The Problem of Religious Hypocrisy
No one likes a religious hypocrite –those with a “holier than thou” attitude. They represent everything that Jesus opposed. In Matthew 23, Jesus warns the Pharisees with the seven woes of hypocrisy. While it is easy to point our fingers at them, we must realize how we too can fall into religious hypocrisy.
The first "woe" Jesus speaks to them is how they “shut the door of the Kingdom of Heaven in people’s faces.” (13) They made the way to heaven more difficult than it was. Rather than embracing Jesus’ teaching that all that is needed is faith, they taught of a God who was impossible to please, whose commands were impossible to obey, and made heaven seem to be an impossible goal.
Maybe you’ve heard similar teaching that requires us to do more religious works than can be done. Jesus warns how this is evil; it is contrary to the gospel of grace. We must simply believe, “Yet to all who did receive him, to those who believed in his name, he gave the right to become children of God—children born not of natural descent, nor of human decision or a husband’s will, but born of God.” (John 1:12-13)
The second woe warns, “You travel over land and sea to make one proselyte, and when he becomes one, you make him twice as fit for hell as you are!” (15) While their missionary efforts sought to “save,” in the end, the people were worse off than when they started. Those attracted to the Pharisees’ teaching were like many today; they were not attracted to God but to a religious system that promises them exaltation by rule keeping. Those caught up in the details of the Pharisees' additional laws and regulations completely missed God to whom the laws pointed.
The third "woe" concerned their misuse of oaths. They sought loopholes and were like the child crossing their fingers when they make a promise. Jesus wonders how "swearing by" something greater than themselves can make a liars word believable. Rather, as Jesus said earlier, “Let what you say be simply ‘Yes’ or ‘No’; anything more than this comes from evil.” (Matt. 5:37)

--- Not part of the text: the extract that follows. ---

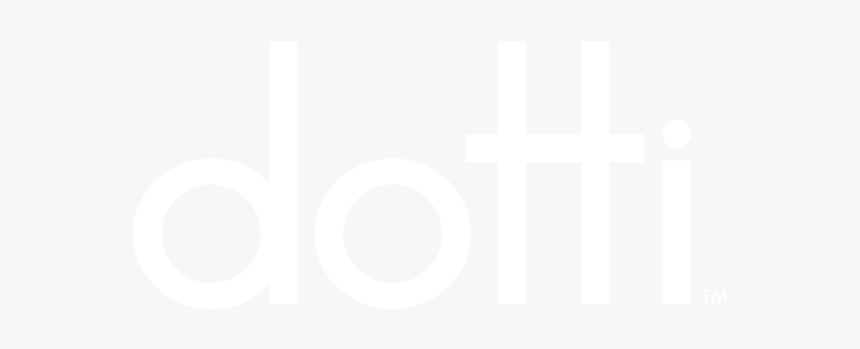 Hyatt Regency Logo White, HD Png Download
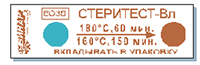 ���������-��-180/60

The fourth "woe" points to their hypocrisy concerning their lack of mercy. They emphasized the smallest details of the law while ignoring the larger, far more important issues. We too know what this is like; we can be tempted to pick and choose which commandments need to be obey in order to declare ourselves righteous. However, scripture plainly testifies that we are only righteous in God’s sight if obey ALL the commandments. We need mercy not obedience because, “As Scripture says, “No one is righteous— not even one. No one is truly wise; no one is seeking God. All have turned away; all have become useless. No one does good, not a single one.” (Romans 3:10-12)
The fifth "woe" focuses on what makes one righteous. The religious will focus on the external, measurable things. Many are drawn to this because it gives measurable goals that not only tell us how we are doing but also allows us to feel good about our righteousness when compared to others. We can feel good about our spiritual walk according to how often we go to church, how much money we give, how we dress and our church jobs. However, Jesus warned that these external things are meaningless. They may be good, but they have nothing to do with righteousness. Jesus says that the key is to have our hearts made clean.
The sixth "woe" describes the Pharisees as whitewashed tombs. This graphic picture of the religious hypocrite tells how they appear white and beautiful on the outside while they are full of death and decay on the inside. Jesus tells the religious that it is a heart made righteous by Him not outward righteous deeds pleases God.
The final "woe" concerns outward religious acts, specifically their honoring of the prophets’ graves. This was ironic since these martyrs were killed by the religious leaders of their day. Jesus confronts them saying that they were no different from their ancestors who had killed God's messengers for they were plotting to kill Him. In essence Jesus was saying, "Go ahead and finish what your ancestors started; kill me too!"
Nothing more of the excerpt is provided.